We will implement a small neural network (**without quantisation**) and train it on the MNIST dataset:

In [None]:
# Load Fashion-MNIST dataset
fashion_mnist = keras.datasets.fashion_mnist
(train_images, train_labels), (test_images, test_labels) = fashion_mnist.load_data()


# Normalize the input image so that each pixel value is between 0 to 1
train_images = train_images / 255.0
test_images = test_images / 255.0


# Define the model architecture
model = keras.Sequential([
  keras.layers.InputLayer(input_shape=(28, 28)),
  keras.layers.Reshape(target_shape=(28, 28, 1)),
  keras.layers.Conv2D(filters=12, kernel_size=(3, 3), activation='relu'),
  keras.layers.MaxPooling2D(pool_size=(2, 2)),
  keras.layers.Flatten(),
  keras.layers.Dense(10)
])


# Train the digit classification model
# We have to compile the model first (TensorFlow & Keras typical procedure)
# Your code here

# Let's print the model summary (the structure of our model)
# Your code here

# Fit the model to data
# Your code here

Let's now build the same small neural network, **but now with quantisation**:

In [None]:
# We create an object that will allow us to apply quantisation to our previous model
quantize_model = # Your code here

# TensorFlow & Keras now "understands" that we have a model with quantisation
quant_model = # Your code here

# We must recompile this model (TensorFlow & Keras typical procedure)
# Your code here

# Let's print the model summary (the structure of our model)
# Please notice that all layers are now prefixed by "quant"
# Your code here

# Fit the quantised model to data
# Your code here

Let's compare the accuracy of both models and check if there is any difference:

In [None]:
# Evaluate the accuracy of the model without quantisation
_, baseline_model_accuracy = model.evaluate(test_images, test_labels, verbose=0)

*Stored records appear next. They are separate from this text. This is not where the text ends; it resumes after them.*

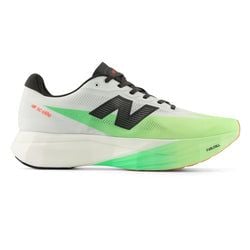 White / Mint Flash / Lime Leaf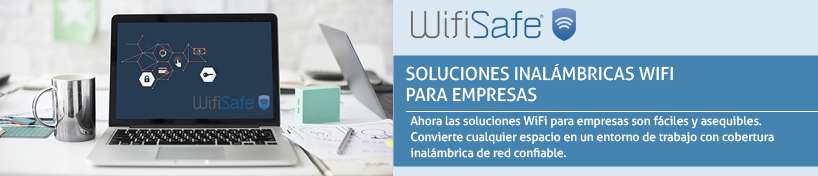 Soluciones inalámbricas - WiFi para empresas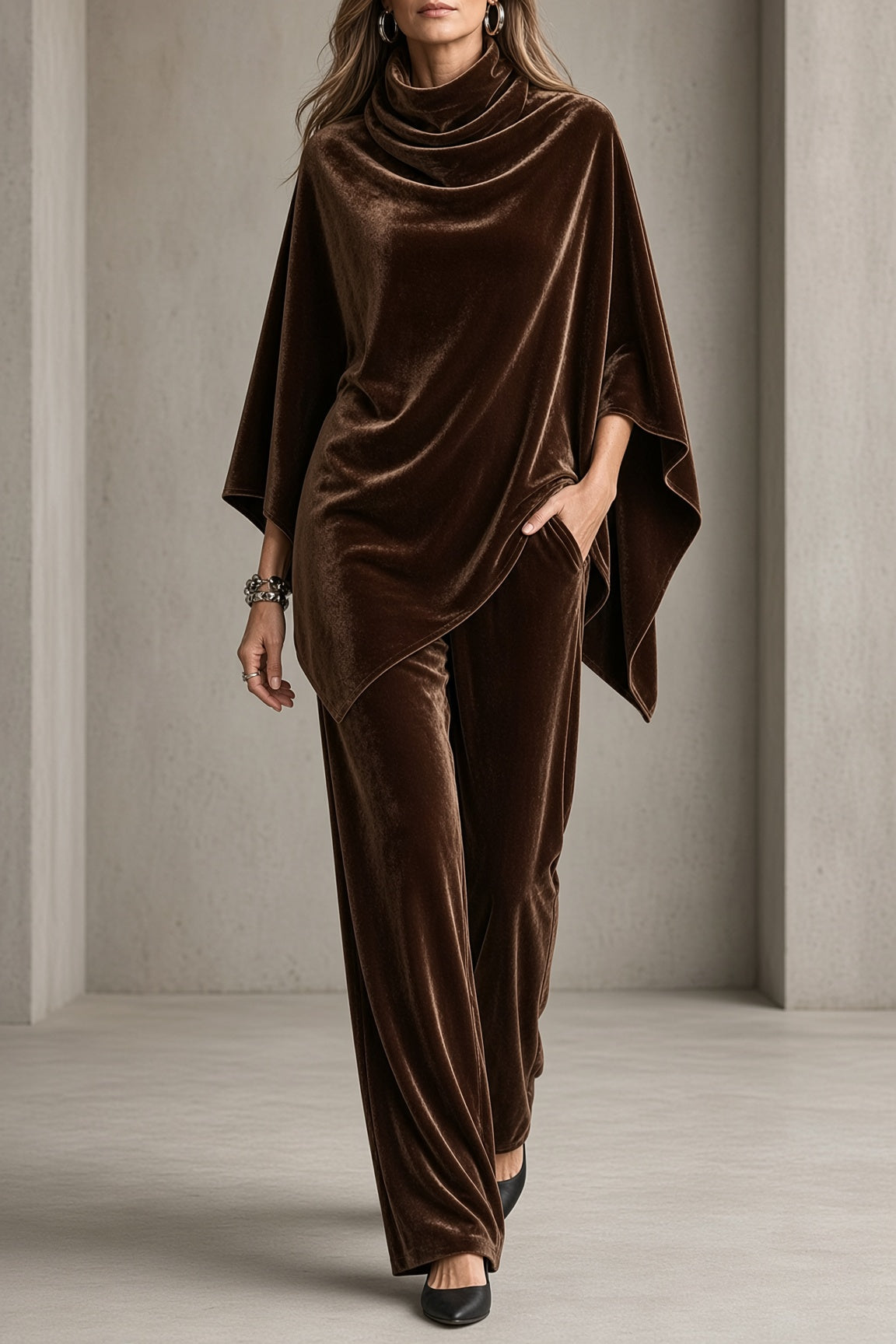 Monica Velvet Set™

# Evaluate the accuracy of the model with quantisation
_, quant_model_accuracy = quant_model.evaluate(test_images, test_labels, verbose=0)

# Print these values in the Terminal
print('Model with no quantisation Test Accuracy:', baseline_model_accuracy)
print('Model with quantisation Test Accuracy:', quant_model_accuracy)

Let's go a little bit further and create a quantised TensorFlow Lite model with a slightly *aggressive* quantisation:

In [None]:
# We need to create an object that allows us to convert the quantised model from TensorFlow & Keras
converter = # Your code here

# We define a "default" optimisation settings 
converter.optimizations = [tf.lite.Optimize.DEFAULT]

# Let's now convert our model from TensorFlow & Keras to TensorFlow Lite
quantized_tflite_model = # Your code here

Let's check if accuracy persists for the sake of sanity:

In [None]:
# We define an interpreter (it is an object that enables us to perform inference)
interpreter = # Your code here
interpreter.allocate_tensors()

# Let's use our helper function (remember it?) to evaluate accuracy on this object
test_accuracy = evaluate_model(interpreter)

# Print accuracy values in the Terminal
print('Quantised TensorFlow Lite model Test Accuracy:', test_accuracy)
print('Quantised TensorFlow model Test Accuracy:', quant_model_accuracy)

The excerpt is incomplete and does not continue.